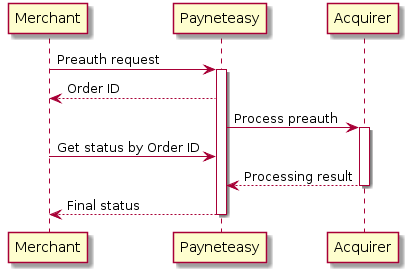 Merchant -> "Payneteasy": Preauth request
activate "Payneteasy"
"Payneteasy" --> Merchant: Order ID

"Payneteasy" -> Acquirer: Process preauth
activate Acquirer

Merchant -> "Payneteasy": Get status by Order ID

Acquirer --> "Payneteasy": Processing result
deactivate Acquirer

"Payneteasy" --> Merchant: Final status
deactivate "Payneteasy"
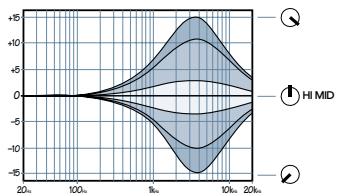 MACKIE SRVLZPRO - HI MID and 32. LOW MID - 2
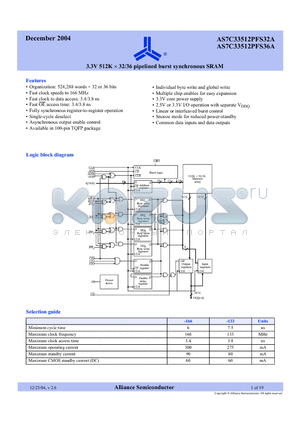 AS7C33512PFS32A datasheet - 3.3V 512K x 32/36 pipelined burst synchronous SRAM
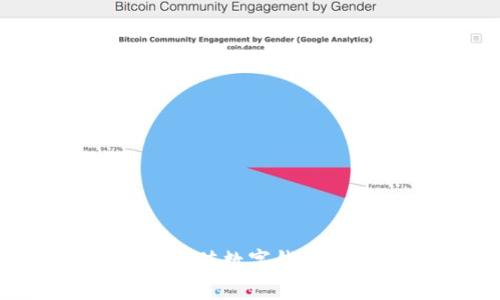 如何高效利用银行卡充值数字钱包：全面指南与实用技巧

==

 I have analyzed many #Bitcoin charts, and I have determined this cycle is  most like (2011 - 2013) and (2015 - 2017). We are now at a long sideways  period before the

---

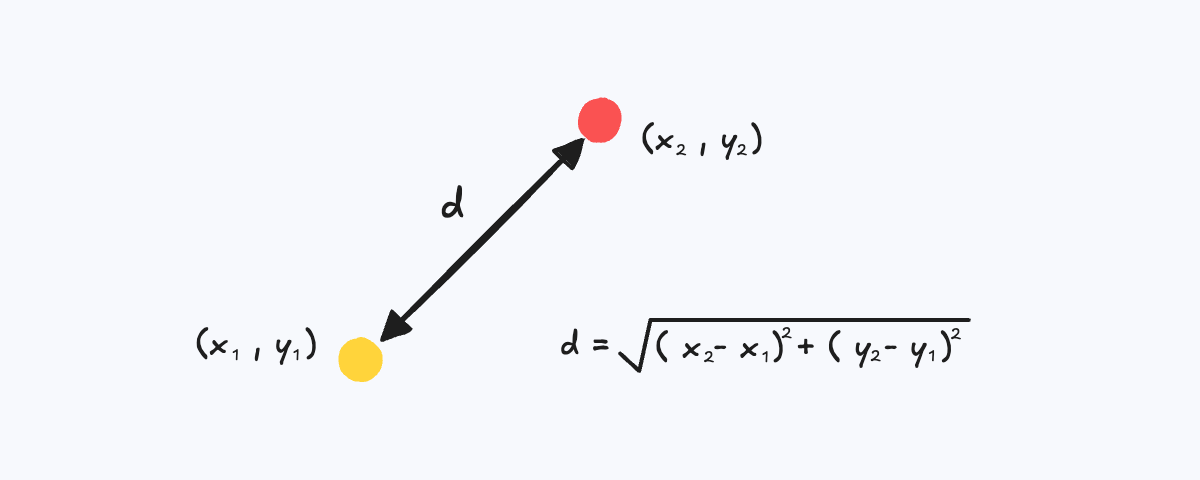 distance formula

=== About this exercise ===
Write back word for word every line in the entries above from the one with "MACKIE SRVLZPRO - HI MID and 32. LOW MID - 2" to the one with "如何高效利用银行卡充值数字钱包：全面指南与实用技巧", ends included, and none of the pictures.

=== Task output ===
 MACKIE SRVLZPRO - HI MID and 32. LOW MID - 2
 AS7C33512PFS32A datasheet - 3.3V 512K x 32/36 pipelined burst synchronous SRAM
 如何高效利用银行卡充值数字钱包：全面指南与实用技巧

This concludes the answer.